Required action: When writing out the listing below, reproduce every word exactly and skip the pictures.

Data excerpt:
# # # # # # #
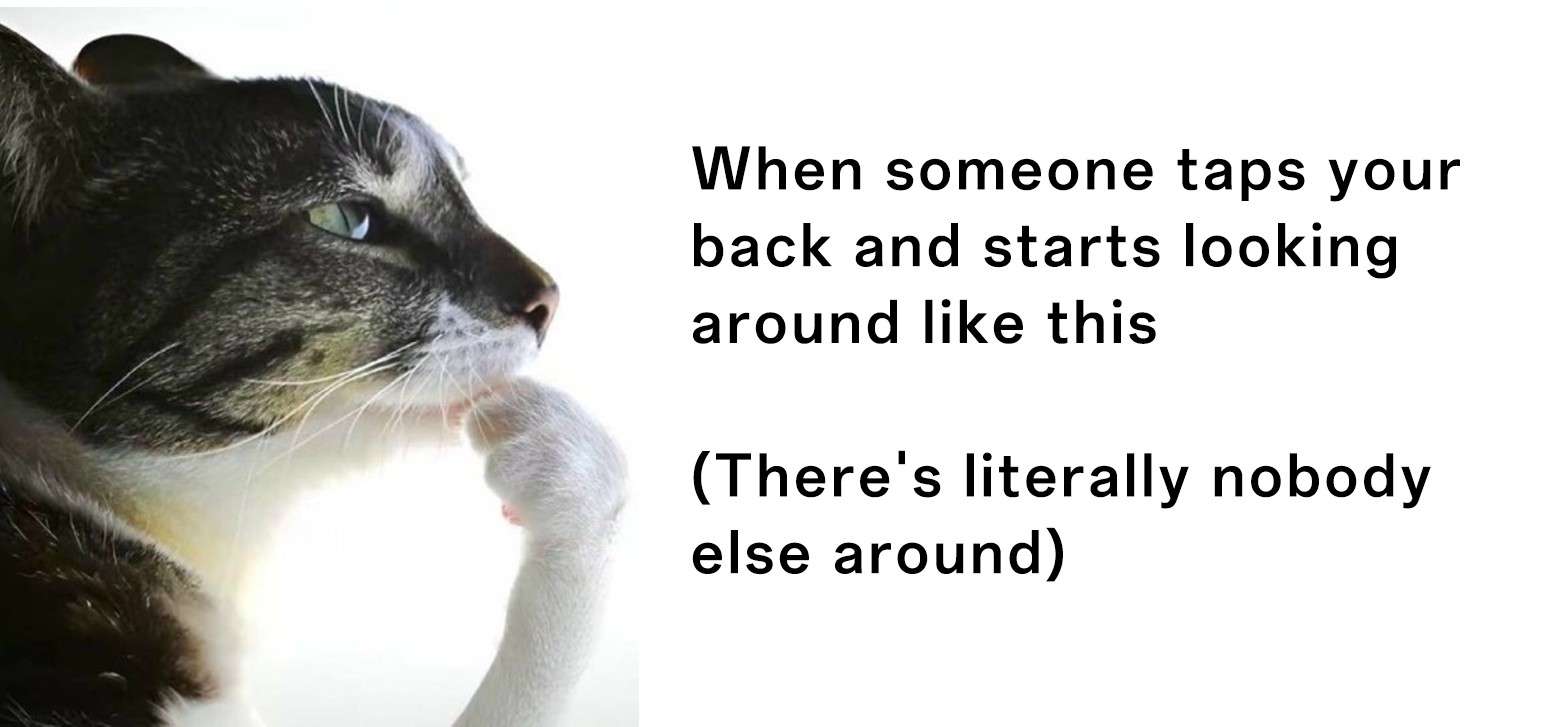 Thinking cat meme confused after someone taps your back and looks around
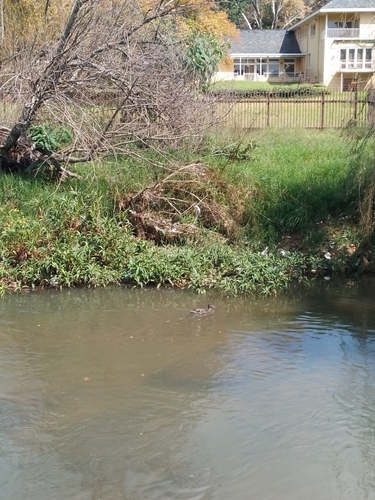 iNaturalist image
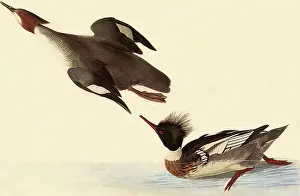 Merganser: Red-Breasted Merganser, Mergus serrator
# # # # # # #
Expected answer:
 Thinking cat meme confused after someone taps your back and looks around
 iNaturalist image
 Merganser: Red-Breasted Merganser, Mergus serrator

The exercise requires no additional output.